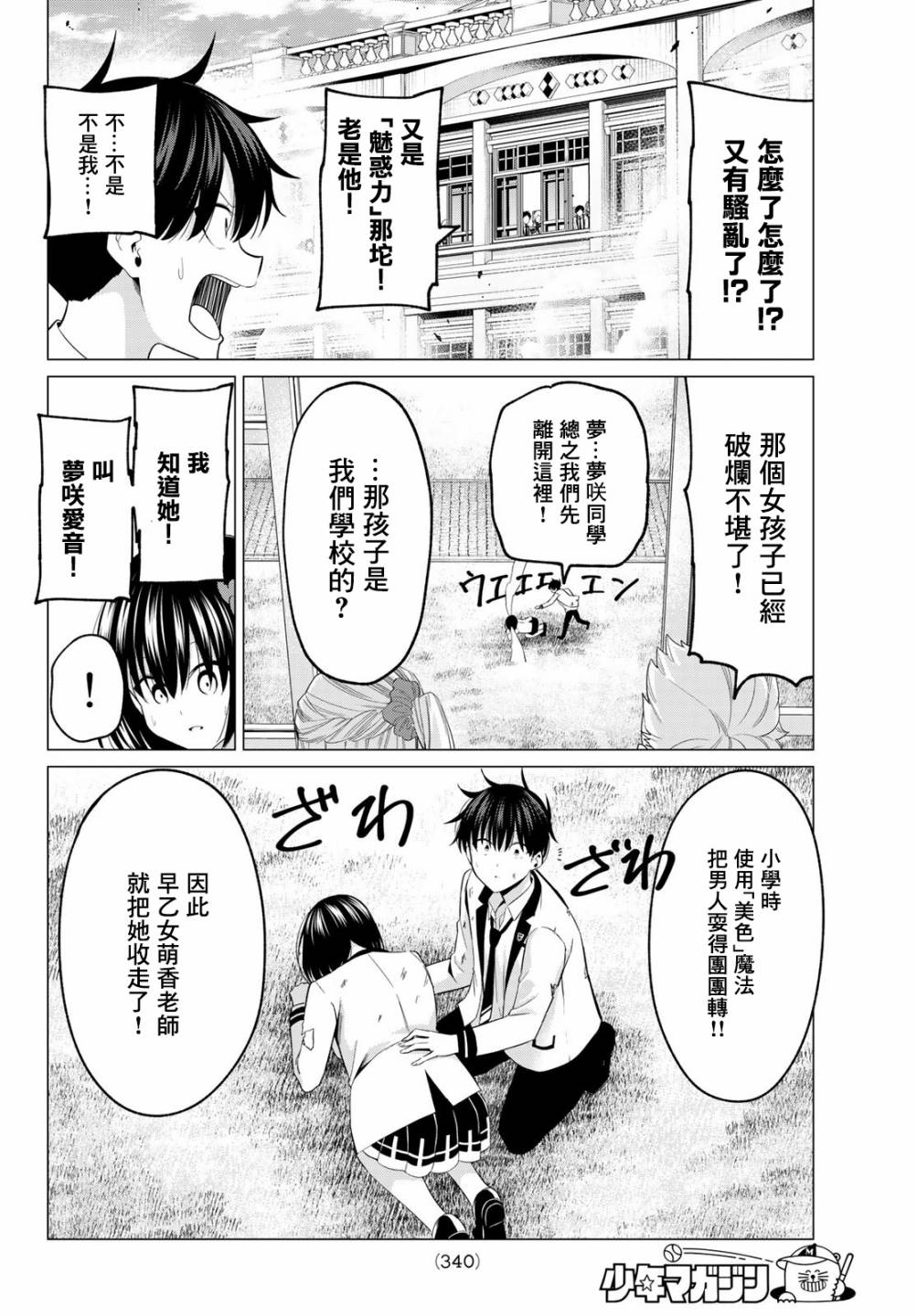 恋与魔法完全搞不清！漫画,第7话美色的烦恼1图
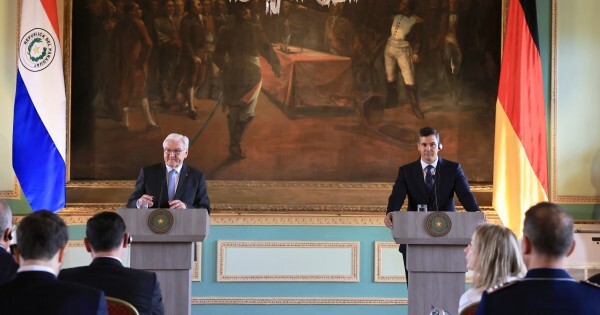 Peña recibe al presidente de Alemania y promete combatir la corrupción para atraer inversiones
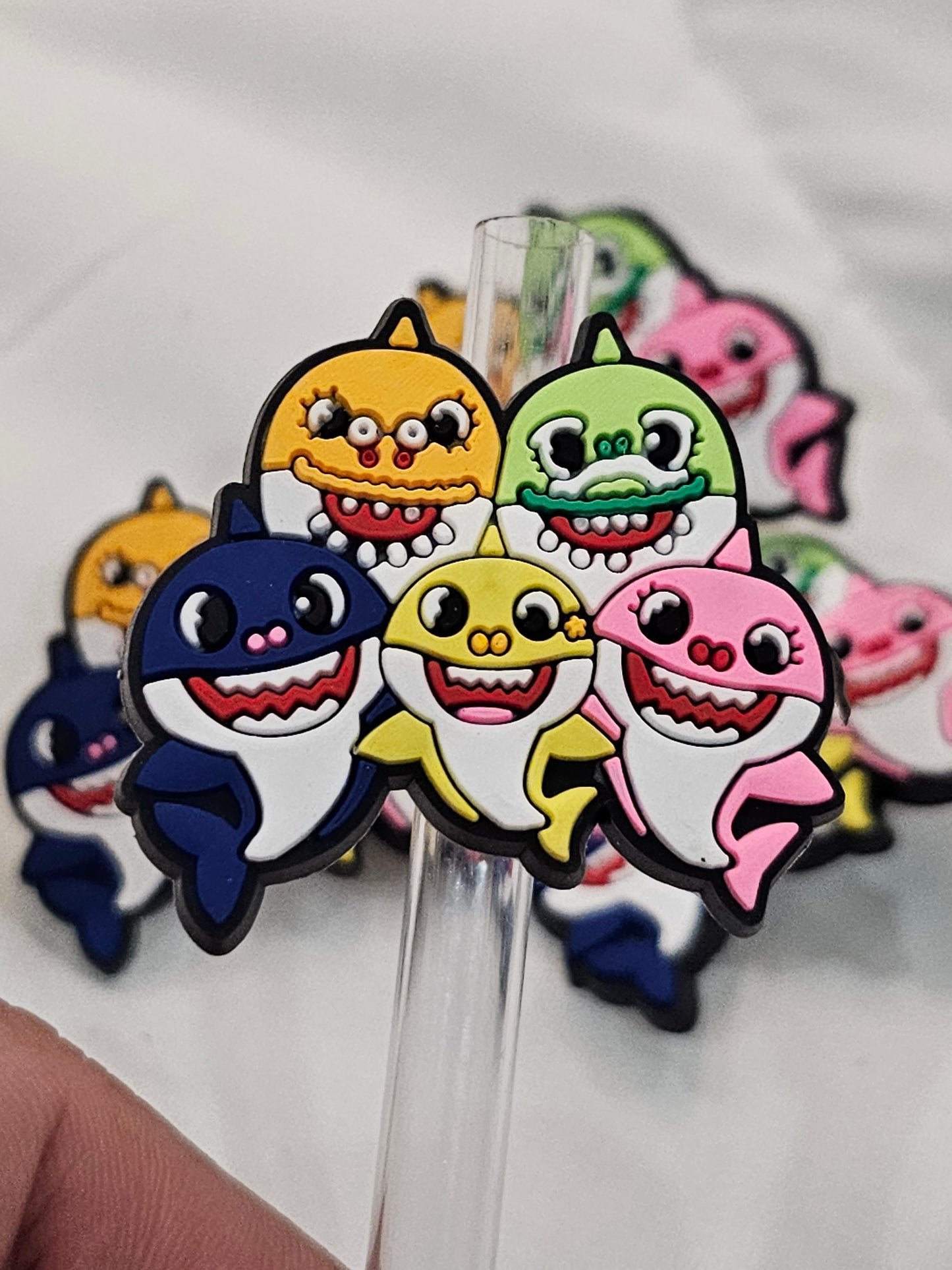 Baby shark Straw/pencil or pen charms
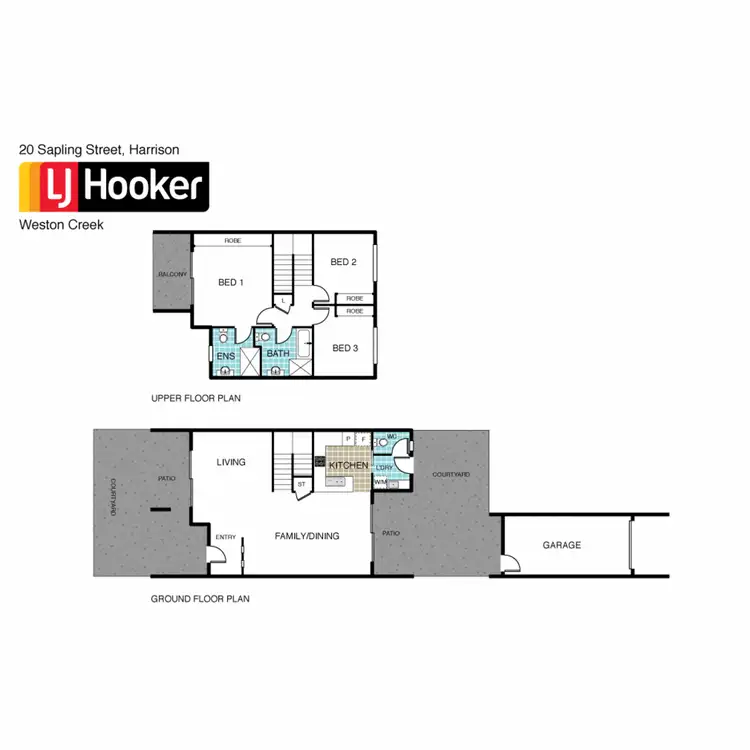 Floorplan of Homely townhouse listing, 20 Sapling Street, Harrison ACT 2914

⁂

**Instructions to follow:** Would you copy all the material exactly, dropping the pictures?

**The answer:**
 恋与魔法完全搞不清！漫画,第7话美色的烦恼1图
 Peña recibe al presidente de Alemania y promete combatir la corrupción para atraer inversiones
 Baby shark Straw/pencil or pen charms
 Floorplan of Homely townhouse listing, 20 Sapling Street, Harrison ACT 2914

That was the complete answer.